Traumwandlerisch sicher, atemberaubend poetisch
Der israelische Film „Ein Tag wie kein anderer“ ist ein ganz und gar verblüffendes Werk. Es ist von einem tiefen Humanismus und einer Reife beseelt, die bei Erstlingswerken ungewöhnlich sind. Regie geführt hat der 34-jährige Asaph Polonsky, der in den USA geboren wurde und in Israel aufwuchs. Der Film ist schwer und leicht zur gleichen Zeit. Er besitzt die niederschmetternde Thematik der Trauerarbeit, die chirurgisch genau anhand der Mimiken der Protagonisten seziert wird.
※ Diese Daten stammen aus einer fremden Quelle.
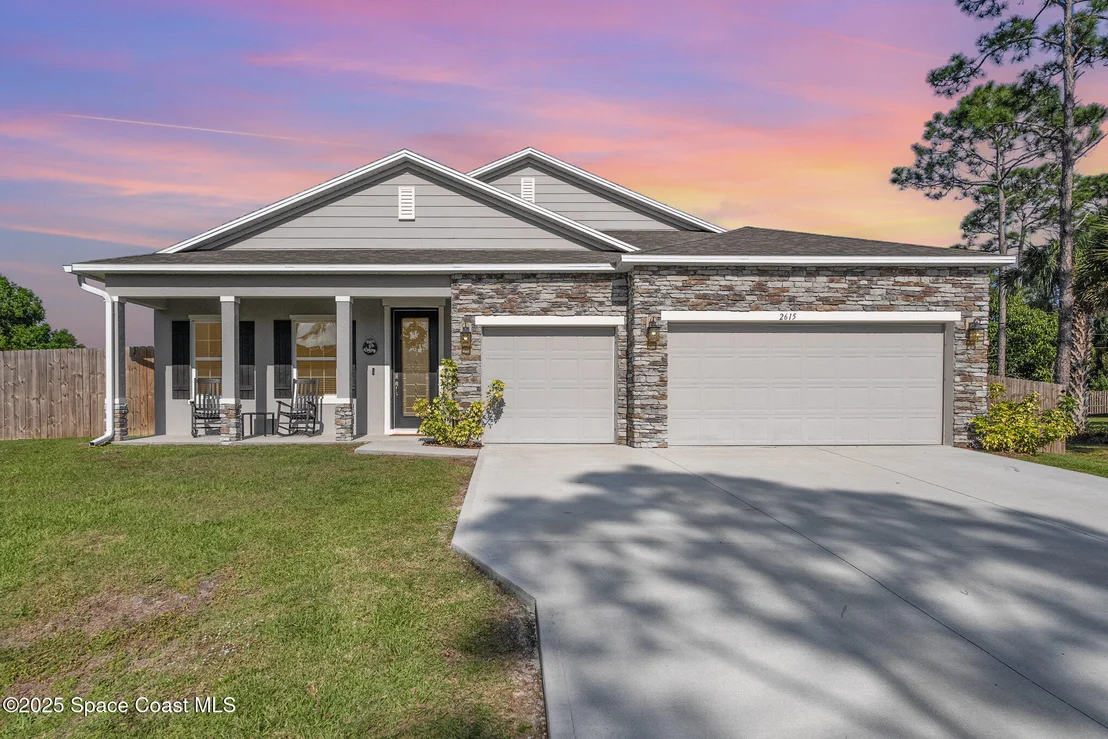 Photo of 2615 Carson Drive SE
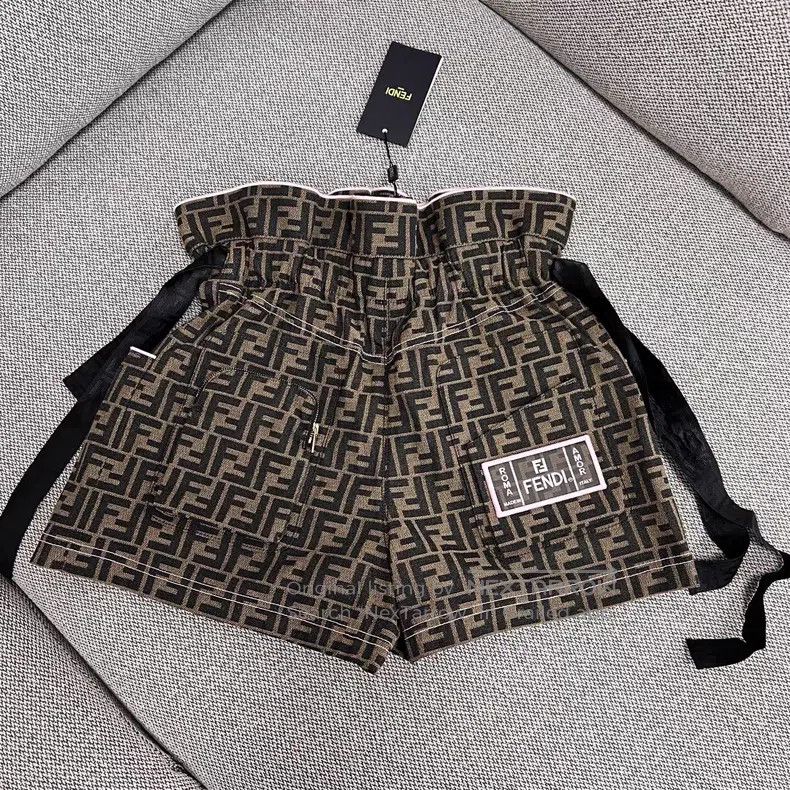 Fendi Fendi Ribbon full print logo flower bud shorts Size 25" / US 0 / IT 36 - 2 Thumbnail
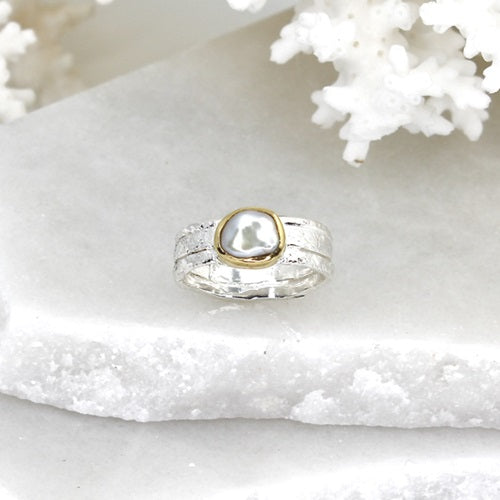 KESHI PEARL SILVER RING WITH Y/G PLATING
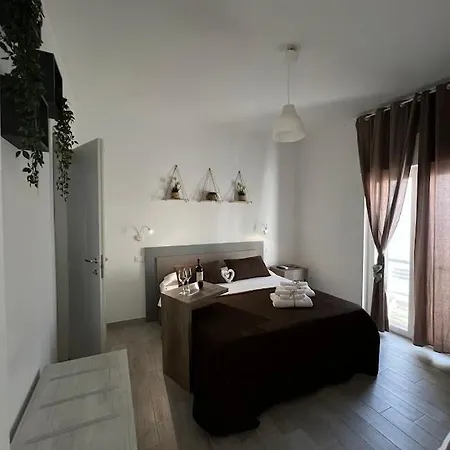 Radici Mare Torre dell'Orso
Polonsky erzählt diesen Prozess aber mit solch einer traumwandlerisch sicheren Hand und atemberaubend poetischen Bildern, dass die Handlung schwebend daherkommt.
Zugegebenermaßen gibt es auch nicht allzu viel Handlung. Beim Versuch, die Joints gemeinsam mit dem Jugendfreund zu basteln, geht es Eyal nicht um den Rausch. Es ist für ihn eher eine weitere Möglichkeit, von seinem Sohn Abschied zu nehmen. Der Schauspieler Shai Avivi spielt diesen aufgelösten Vater mit passiver Aggressivität gegenüber seinen Mitmenschen und immer am Rande des Wahnsinns, so dass er den Zuschauer mitfühlen lässt. Avivi findet mit seiner gestressten Körperhaltung und der dauerhaften Gereiztheit Humor in tragischen Momenten und wandelt damit nicht nur optisch auf den Spuren des amerikanischen Comedian Larry David („Curb Your Enthusiasm“).
Die kleinen Gesten helfen zurück ins Leben
Der Schmerz der Familie, der die Wohnung bis in die letzte Ritze erfüllt, ist allgegenwärtig. Mutter wie Vater zerreißt es fast innerlich. Simple Tätigkeiten, wie sich die Haare zu waschen oder den Bart abzurasieren, werden existenziell aufgeladen. Es sind die kleinen Gesten, die den Eltern helfen, wieder ins Leben zurückzufinden. Das Ende der Schiv’a macht nur klar, dass Trauer subjektiv ist und sich keinen Normen und Regeln unterwirft. Um die Trauer-Meditation aufzuhellen, bietet der Film immer wieder Musical-Momente, in denen Songs die Szenen emotional aufbrechen. Dazu tragen die melancholischen Popsongs der Israelin Tamar Aphek bei. Es gibt aber auch ein spektakuläres Luftgitarren-Solo des Jugendfreundes Zooler in der Wohnung der Spivaks zu bestaunen.
Einmal liegt Zooler, müde vom Gras und dem Sushi, das er eigentlich hätte ausfahren sollen, auf dem Bett des verstorbenen Freundes. Nach und nach gesellen sich Eyal und Vicky dazu und finden einen gemeinsamen Moment der Ruhe. Die emotionale Taubheit während den Beileidsbekundungen, das Taumeln zurück in den Alltag und die Simulation eines normalen Lebens sind dadurch kurz beiseite geschoben.
Im Laufe des Films setzt sich bei Eyal die Gewissheit durch, dass sich Sohn Ronnie jetzt an einem besseren Ort ohne Schmerzen befindet. Und bei der verpassten Möglichkeit, die Liegeplätze auf dem Friedhof neben dem Grab ihres Jungen für sich und seine Frau zu reservieren, wächst eine Erkenntnis. Eyal scheint der Gedanke zu beruhigen, dass es diese Geste der Zusammengehörigkeit im Diesseits nicht mehr braucht und die Familie anderweitig verbunden bleiben wird.
„Ein Tag wie kein anderer“ ist wie ein epischer, glücklich machender Popsong von Neil Young oder Van Morrison. Wenn er zu Ende ist, will man den Film trotz oder gerade wegen der Traurigkeit gleich wieder sehen. Das ist ein kleines, bittersüßes Meisterwerk voller Atmosphäre und genauer Beobachtungen, ein funkelndes Filmjuwel mit einer aufregenden Bildsprache.
„Ein Tag wie kein anderer“, 98 Minuten, freigegeben ab 6 Jahren, ab 11. Mai in den deutschen Kinos.